The U.S. Department of Education confirmed the school was eligible for federal grants under the special designation Feb. 21, said Quincy Jenkins, director of Dalton State's Hispanic/Latino outreach. The school will hold a celebration of the designation at 3:30 p.m. April 26.
To qualify as a Hispanic Serving Institution, at least 25 percent of a college's full-time equivalent undergraduate students must be Latino. The designation, administered by the Department of Education, opens a college up for certain grant programs. These can run from $500,000 to a couple million.
"We are super excited about it all," Jenkins said. "It's been hard work for the last few years. Finally, the day has come. Now, the hard work really begins."

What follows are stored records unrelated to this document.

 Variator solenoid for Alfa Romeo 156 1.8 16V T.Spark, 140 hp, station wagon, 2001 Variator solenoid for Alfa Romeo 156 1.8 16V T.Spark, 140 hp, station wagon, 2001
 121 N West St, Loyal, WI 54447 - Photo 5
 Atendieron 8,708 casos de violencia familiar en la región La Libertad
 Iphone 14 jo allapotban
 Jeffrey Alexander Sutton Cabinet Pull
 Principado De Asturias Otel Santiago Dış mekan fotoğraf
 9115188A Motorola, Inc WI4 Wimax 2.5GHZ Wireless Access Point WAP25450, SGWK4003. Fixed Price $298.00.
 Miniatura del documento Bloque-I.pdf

A wave of immigration to Dalton in the 1970s and 1980s created a large Latino population in the city. Today, that figure sits at about 48 percent, according to U.S. Census data. In Dalton Public Schools, according to the Georgia Department of Education, about 70 percent of students were Latino last fall.
As the children of immigrants grow up, their representation on Dalton State's campus has also increased. In 2002, according to Dalton State, about 2.8 percent of students were Latino. By 2013, the figure was up to 19.3 percent.

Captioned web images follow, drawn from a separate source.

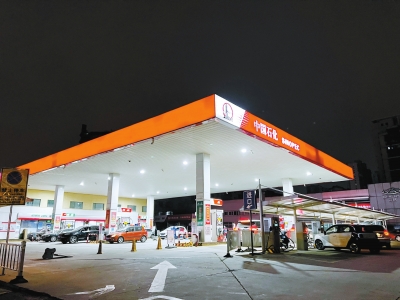 汽油升級國六B，漲價還不耐燒？ 河南已提前“喝上”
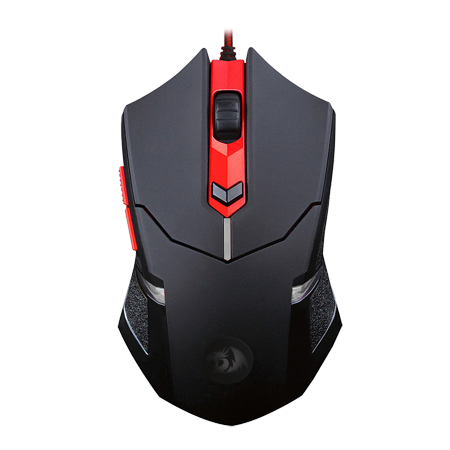 Gaming Mouse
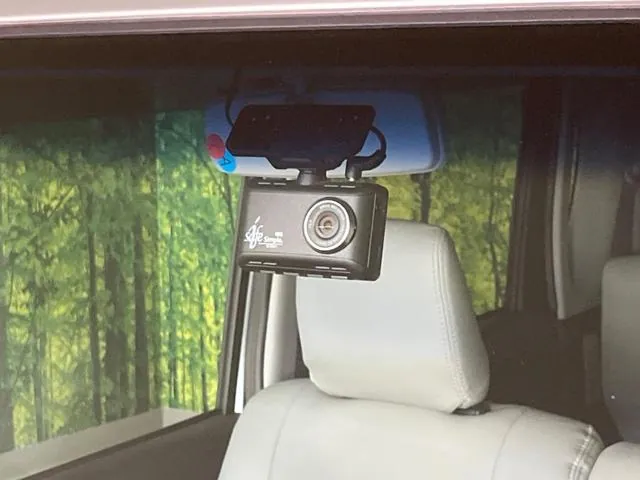 Daihatsu Tanto 2012 photo 5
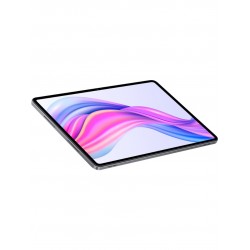 HONOR Pad X9 4GB 128GB WiFi 11.5'' Uzay Gri Tablet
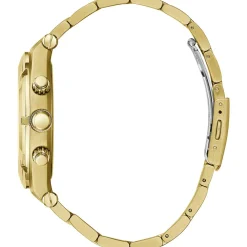 Scopri Tutti Gli Orologi|Orologi Uomo<Guess OROLOGIO CONTINENTAL - GU.GW0260G2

That same year, the college hired Jenkins to reach out to more Latino students, hoping to drive the school above the 25 percent threshold that would make them eligible for federal grants. Jenkins began holding meetings at night with Latino parents, offering information about financial aid programs and creating a good culture for their children to succeed in college. Jenkins also created bilingual materials to educate parents about the school.

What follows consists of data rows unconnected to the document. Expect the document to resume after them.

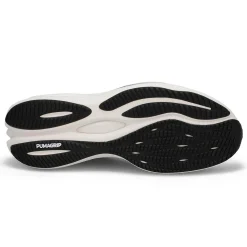 Puma Velocity Nitro 3 Women Discount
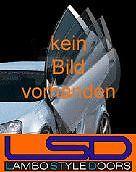 Lsd lambo doors flügeltüren - lsd,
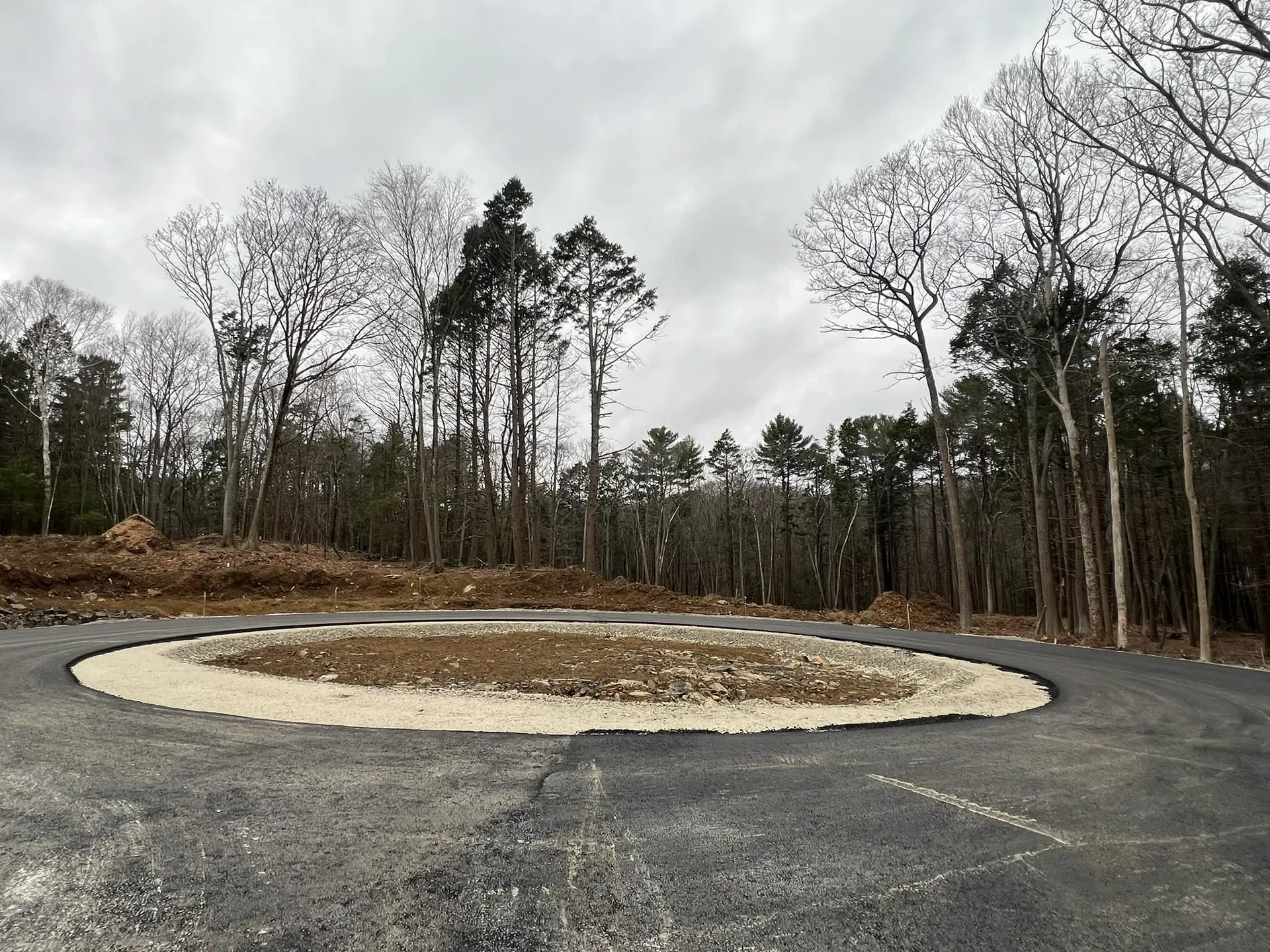 17 Washburn Farm Lane Kittery ME 03905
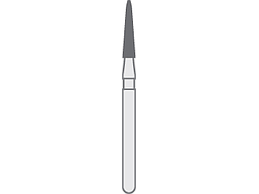 INTENSIV 852 014ST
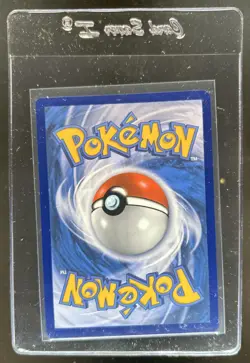 2019-2023 Pokemon SWSH Black Star Promos Charizard V #SWSH260 - Image 2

As of December 2016, there were 416 Hispanic Serving Institutions across the country. Most are in California, Florida, Puerto Rico and Texas. There are no others in the Peach State, though Georgia Gwinnett College had a Latino population of 20 percent last fall.
Dalton Public Schools have also supported the school's drive to increase the Latino population. Like in other Georgia schools, Dalton High School holds an "Apply to College Day" in November. Representatives from local colleges meet with students, and the high school's staff helps students fill out applications
Jennifer Phinney, Dalton Public Schools' director of school support for secondary education, believes the college's Latino population has been north of 25 percent for several years. But she said some Latino students hesitate to put their ethnicity on applications.
"Things are kind of messy right now," she said, referring to the national debates over immigration laws, including the Deferred Action for Childhood Arrivals policy.
But she said school officials have managed to convince some students that listing their ethnicity is actually good for them and Dalton State overall, helping to push them closer to eligibility for federal funding. She said the Hispanic Serving Institution designation will also encourage even more Latino students to join the campus — the more people from similar backgrounds there, the more likely students will join.
"When you have students who are the first in their families in college, there has to be a lot more help available in navigating the whole process," she said. "Application. Financial aid. Orientation. Getting a schedule. There will be more resources to help students navigate through all that."
Dalton State can apply for grants that will cover lab equipment, building renovations, staff training, research, extra counselors, extra tutors and an endowment fund. Jenkins said the school's 10-member Hispanic Serving Institution committee will meet monthly through the fall, discussing different grants to go after.
He hopes to provide the college's administrators with a plan by October. They will then apply for grants in spring 2019, the next time that the Department of Education is accepting applications.
"We have to be there and come with our A-game," Jenkins said.